In the entries below, begin at the line with "Coloring Line Circles" and stop after the line with "Metal Mechanical Tally"; output those lines exactly and omit the pictures.
START THE DATA
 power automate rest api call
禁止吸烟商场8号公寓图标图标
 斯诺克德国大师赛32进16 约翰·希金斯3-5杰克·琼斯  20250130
END THE DATA
START THE DATA
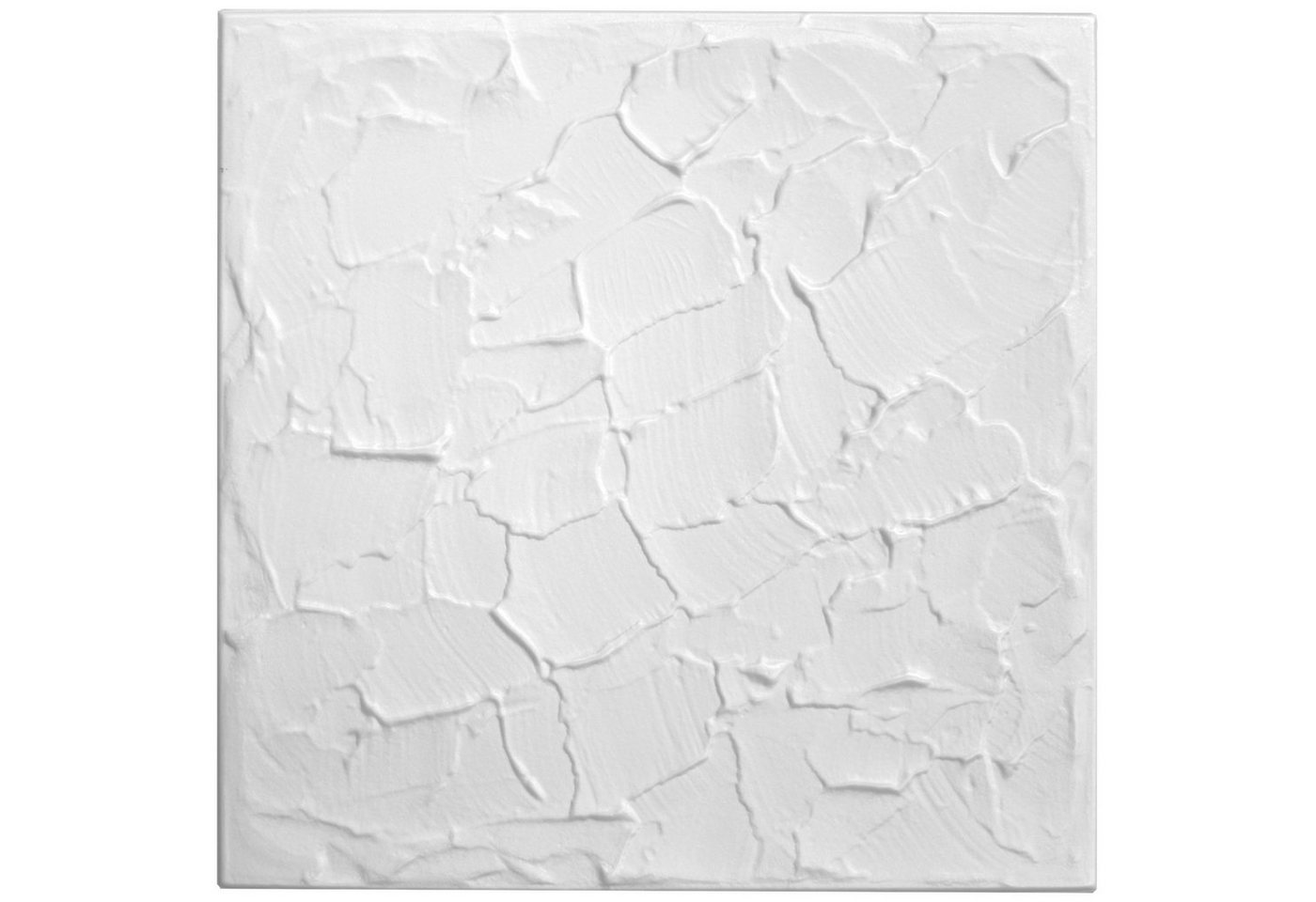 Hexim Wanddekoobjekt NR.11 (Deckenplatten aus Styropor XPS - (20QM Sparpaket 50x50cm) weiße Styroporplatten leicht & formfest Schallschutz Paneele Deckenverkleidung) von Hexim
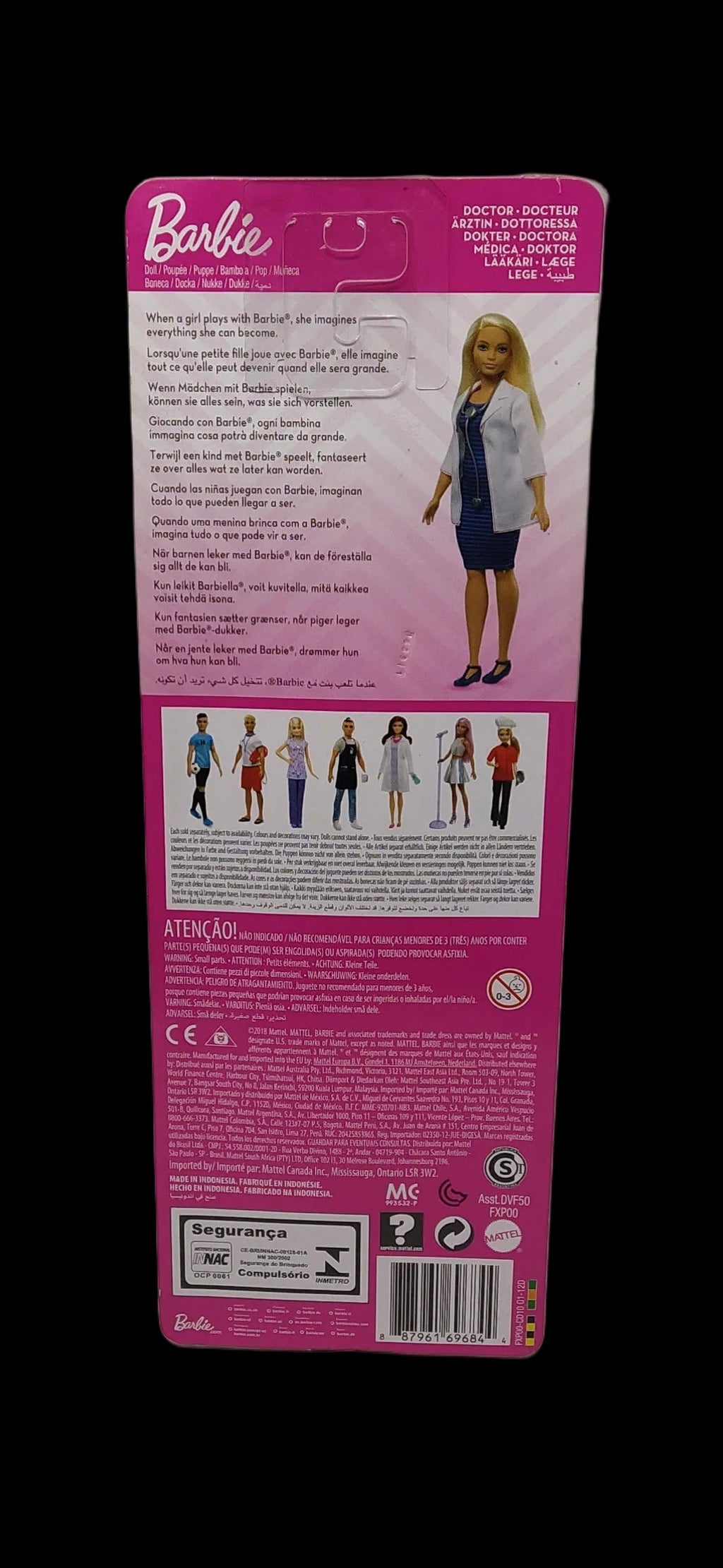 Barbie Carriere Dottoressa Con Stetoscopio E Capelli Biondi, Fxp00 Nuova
END THE DATA
START THE DATA
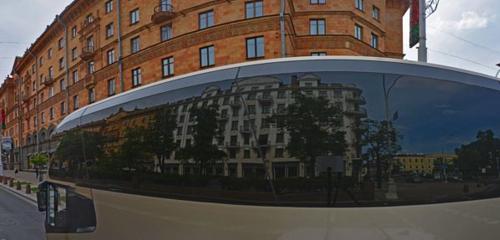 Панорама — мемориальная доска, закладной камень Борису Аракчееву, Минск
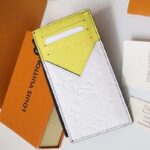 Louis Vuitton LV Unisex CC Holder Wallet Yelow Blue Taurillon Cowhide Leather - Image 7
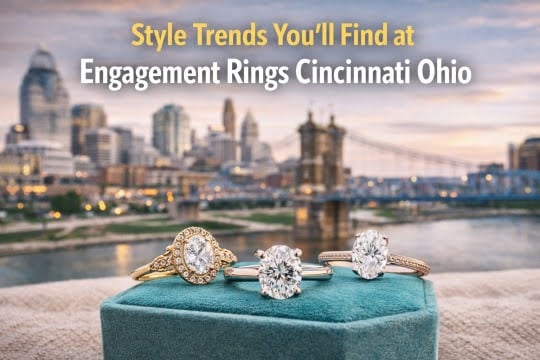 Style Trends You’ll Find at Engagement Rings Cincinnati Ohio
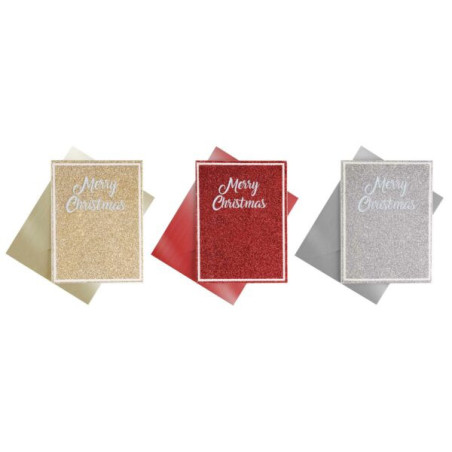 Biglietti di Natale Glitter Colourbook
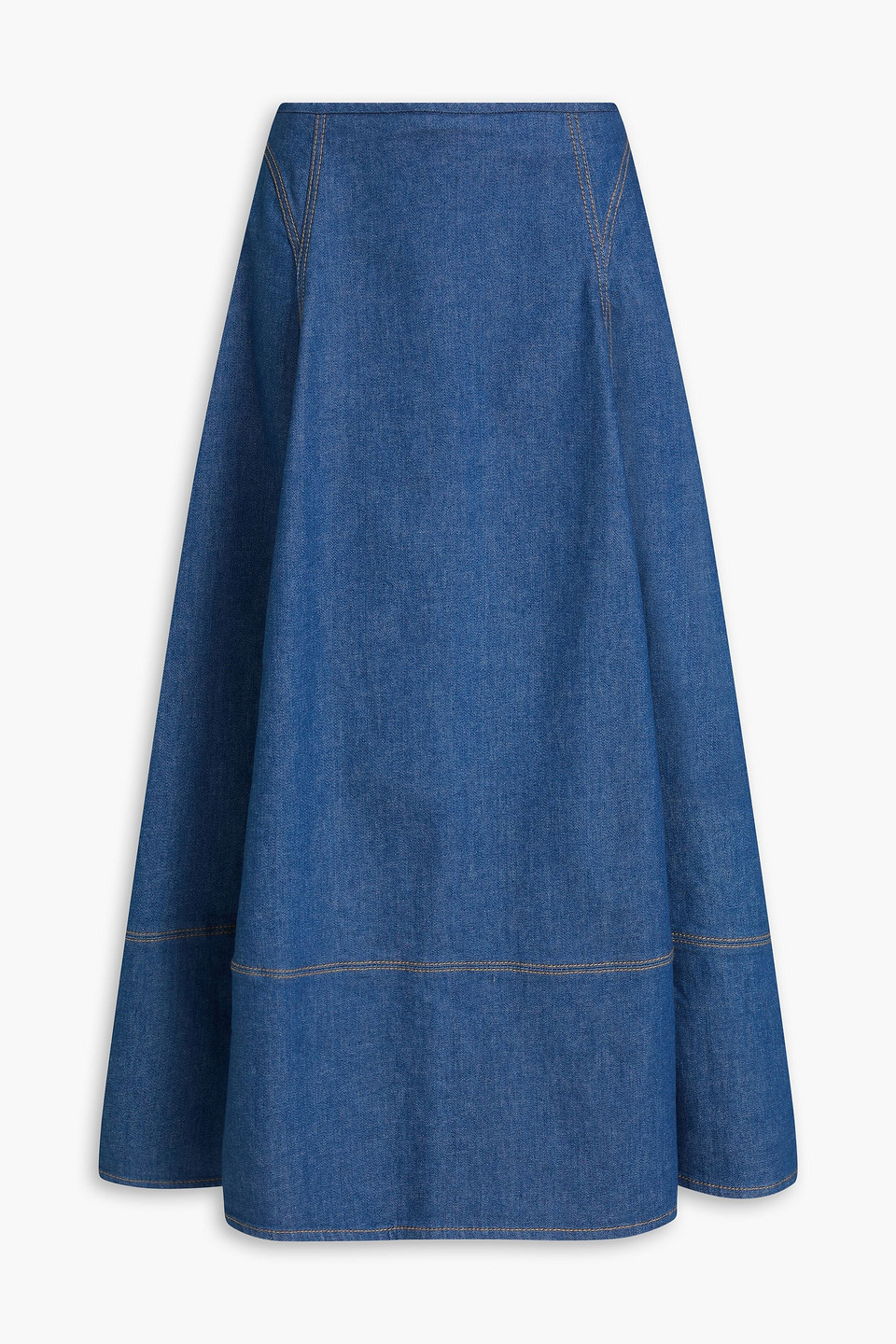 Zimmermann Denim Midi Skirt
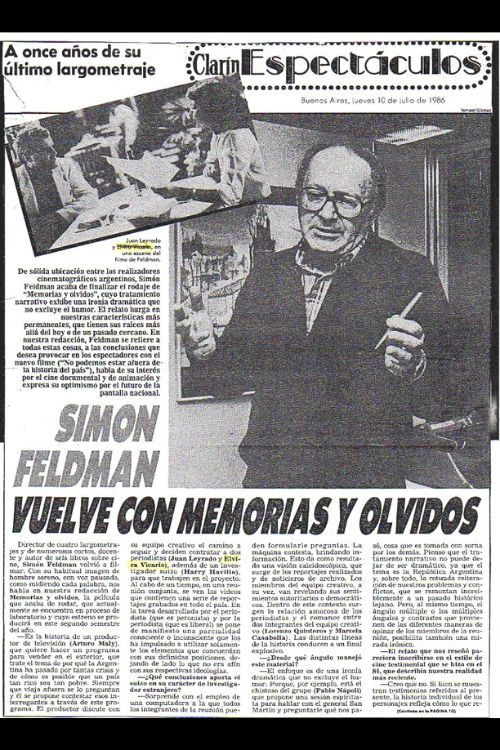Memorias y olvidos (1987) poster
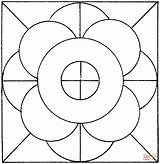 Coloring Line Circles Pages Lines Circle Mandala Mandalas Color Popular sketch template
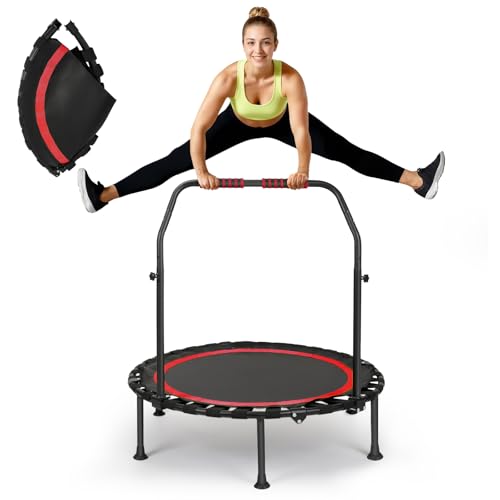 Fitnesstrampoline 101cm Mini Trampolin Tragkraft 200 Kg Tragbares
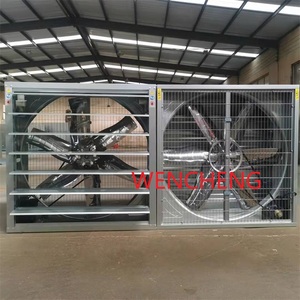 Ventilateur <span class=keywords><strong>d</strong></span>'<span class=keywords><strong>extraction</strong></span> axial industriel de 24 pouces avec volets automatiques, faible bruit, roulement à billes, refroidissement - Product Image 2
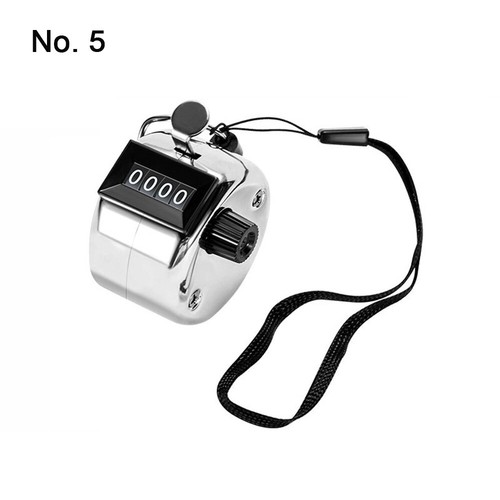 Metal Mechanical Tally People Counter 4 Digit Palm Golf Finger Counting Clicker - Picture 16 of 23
END THE DATA
#### TASK RESPONSE
 Coloring Line Circles Pages Lines Circle Mandala Mandalas Color Popular sketch template
 Fitnesstrampoline 101cm Mini Trampolin Tragkraft 200 Kg Tragbares
 Ventilateur <span class=keywords><strong>d</strong></span>'<span class=keywords><strong>extraction</strong></span> axial industriel de 24 pouces avec volets automatiques, faible bruit, roulement à billes, refroidissement - Product Image 2
 Metal Mechanical Tally People Counter 4 Digit Palm Golf Finger Counting Clicker - Picture 16 of 23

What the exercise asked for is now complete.